Per i lovemark il rapporto qualità-prezzo è importante, ma non è l’unico criterio di scelta dei consumatori: esiste, tra azienda e clienti, un rapporto di profonda fiducia, che rappresenta un valore intangibile e non monetizzabile, e che orienta la scelta del consumatore verso quella marca.

Per queste aziende la vera sfida della comunicazione si gioca sulla capacità di creare un approccio realmente collaborativo con il cliente, unita alla crescita dei canali e dei punti di interazione con i consumatori: in particolare si riconosce il valore dei social network per favorire la comunicazione partecipativa tra azienda e cliente.

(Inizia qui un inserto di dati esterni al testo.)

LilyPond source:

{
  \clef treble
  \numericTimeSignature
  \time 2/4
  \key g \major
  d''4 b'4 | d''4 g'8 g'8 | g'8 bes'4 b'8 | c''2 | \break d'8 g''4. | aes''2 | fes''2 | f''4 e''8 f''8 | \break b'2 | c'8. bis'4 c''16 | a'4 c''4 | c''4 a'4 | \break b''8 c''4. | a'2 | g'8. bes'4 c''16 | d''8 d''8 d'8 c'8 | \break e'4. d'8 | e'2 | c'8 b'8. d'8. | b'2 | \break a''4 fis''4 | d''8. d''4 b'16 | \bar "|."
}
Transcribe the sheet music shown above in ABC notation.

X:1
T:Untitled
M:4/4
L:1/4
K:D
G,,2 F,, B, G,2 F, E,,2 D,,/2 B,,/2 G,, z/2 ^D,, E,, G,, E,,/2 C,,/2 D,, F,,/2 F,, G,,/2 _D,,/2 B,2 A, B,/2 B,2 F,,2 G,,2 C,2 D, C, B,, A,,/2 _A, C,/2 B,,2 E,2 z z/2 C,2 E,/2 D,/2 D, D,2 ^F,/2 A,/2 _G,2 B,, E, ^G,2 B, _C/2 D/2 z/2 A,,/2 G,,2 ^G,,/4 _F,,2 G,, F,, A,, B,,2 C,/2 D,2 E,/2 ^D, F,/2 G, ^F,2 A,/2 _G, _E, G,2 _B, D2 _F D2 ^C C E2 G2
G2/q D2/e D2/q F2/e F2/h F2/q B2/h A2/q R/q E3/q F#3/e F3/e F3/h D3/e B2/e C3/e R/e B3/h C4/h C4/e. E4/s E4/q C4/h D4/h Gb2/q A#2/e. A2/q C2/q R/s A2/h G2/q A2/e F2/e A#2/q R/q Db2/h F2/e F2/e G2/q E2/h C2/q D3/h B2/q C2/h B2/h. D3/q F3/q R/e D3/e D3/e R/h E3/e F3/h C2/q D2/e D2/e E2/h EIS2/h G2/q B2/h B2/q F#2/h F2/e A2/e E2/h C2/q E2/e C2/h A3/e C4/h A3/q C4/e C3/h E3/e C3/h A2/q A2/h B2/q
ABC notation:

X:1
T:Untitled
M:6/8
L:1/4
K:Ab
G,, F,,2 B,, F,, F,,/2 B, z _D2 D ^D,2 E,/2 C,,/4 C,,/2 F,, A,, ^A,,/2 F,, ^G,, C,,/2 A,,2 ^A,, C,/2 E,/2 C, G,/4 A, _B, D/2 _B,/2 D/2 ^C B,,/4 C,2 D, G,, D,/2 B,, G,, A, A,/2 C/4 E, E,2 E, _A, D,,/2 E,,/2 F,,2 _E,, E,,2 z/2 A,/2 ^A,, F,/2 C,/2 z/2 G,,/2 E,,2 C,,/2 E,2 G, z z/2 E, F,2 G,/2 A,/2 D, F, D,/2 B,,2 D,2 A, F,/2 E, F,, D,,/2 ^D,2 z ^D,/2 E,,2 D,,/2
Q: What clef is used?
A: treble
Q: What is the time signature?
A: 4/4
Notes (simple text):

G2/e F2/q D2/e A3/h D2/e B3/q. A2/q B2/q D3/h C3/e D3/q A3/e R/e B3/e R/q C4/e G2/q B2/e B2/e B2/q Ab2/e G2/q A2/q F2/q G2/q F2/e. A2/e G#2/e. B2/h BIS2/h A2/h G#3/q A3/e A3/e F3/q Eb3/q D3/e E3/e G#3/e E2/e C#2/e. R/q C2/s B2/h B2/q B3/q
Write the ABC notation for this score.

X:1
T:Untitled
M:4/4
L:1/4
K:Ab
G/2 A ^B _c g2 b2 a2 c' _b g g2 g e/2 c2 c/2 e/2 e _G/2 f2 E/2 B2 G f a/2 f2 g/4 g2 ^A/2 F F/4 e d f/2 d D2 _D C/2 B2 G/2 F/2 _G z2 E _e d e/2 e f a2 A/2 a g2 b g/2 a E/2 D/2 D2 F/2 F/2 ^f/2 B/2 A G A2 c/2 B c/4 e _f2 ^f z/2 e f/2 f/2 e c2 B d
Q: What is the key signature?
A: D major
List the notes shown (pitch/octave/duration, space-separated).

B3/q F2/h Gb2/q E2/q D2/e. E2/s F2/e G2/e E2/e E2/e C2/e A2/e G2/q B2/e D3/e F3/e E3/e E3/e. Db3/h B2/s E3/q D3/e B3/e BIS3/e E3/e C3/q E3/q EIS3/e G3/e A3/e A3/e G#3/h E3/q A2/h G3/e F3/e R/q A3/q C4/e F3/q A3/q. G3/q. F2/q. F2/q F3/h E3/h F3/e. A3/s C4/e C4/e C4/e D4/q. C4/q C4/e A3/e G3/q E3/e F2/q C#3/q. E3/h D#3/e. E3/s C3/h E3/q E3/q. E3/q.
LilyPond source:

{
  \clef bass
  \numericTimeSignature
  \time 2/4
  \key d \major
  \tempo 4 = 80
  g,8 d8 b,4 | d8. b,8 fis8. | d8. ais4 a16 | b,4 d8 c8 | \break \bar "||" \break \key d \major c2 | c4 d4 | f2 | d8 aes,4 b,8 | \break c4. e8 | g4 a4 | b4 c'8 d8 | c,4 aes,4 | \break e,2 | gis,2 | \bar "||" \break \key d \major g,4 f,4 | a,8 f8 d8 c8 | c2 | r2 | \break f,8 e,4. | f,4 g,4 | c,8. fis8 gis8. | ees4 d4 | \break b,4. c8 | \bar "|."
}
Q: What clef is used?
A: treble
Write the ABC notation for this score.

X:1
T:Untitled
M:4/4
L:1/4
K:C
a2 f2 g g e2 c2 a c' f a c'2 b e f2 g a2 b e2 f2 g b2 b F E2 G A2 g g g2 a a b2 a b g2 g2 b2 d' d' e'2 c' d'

La multicanalità in questo senso è un approccio fondamentale per contattare i clienti


I consumatori ed utenti operano sempre più in scenari complessi che vedono la compresenza di canali online ed offline nel processo di scelta di acquisto di un prodotto o servizio.

Una ricerca Netcomm realizzata da ECircle e CFI Group rivela che questo processo non si ferma alla vendita, ma prosegue anche, per determinati prodotti, nel periodo di post-vendita, nel quale il cliente vuole sentirsi seguito, considerato, ascoltato.

I maggiori canali di comunicazione per il periodo post vendita sono attualmente la e-mail ed i social network.

La comunicazione partecipativa si declina anche in base ad un nuovo modello di relazione tra marca e consumatore


Il cliente infatti desidera entrare nel mondo della marca, assorbirne valori, stili di vita, comportamenti, modelli.

Questa tensione verso la marca viene definita “relazione aspirazionale”: dal punto di vista delle aziende, dunque, promuovere un prodotto o servizio non basta.

Occorre promuovere un complesso di valori e comportamenti, che coinvolgano i consumatori e li rendano partecipi della vita dell’azienda.

Oggi questi valori sono molto protesi verso l’ecosostenibilità, il consumo responsabile, il valore di social reponsibility e di equilibrio sociale.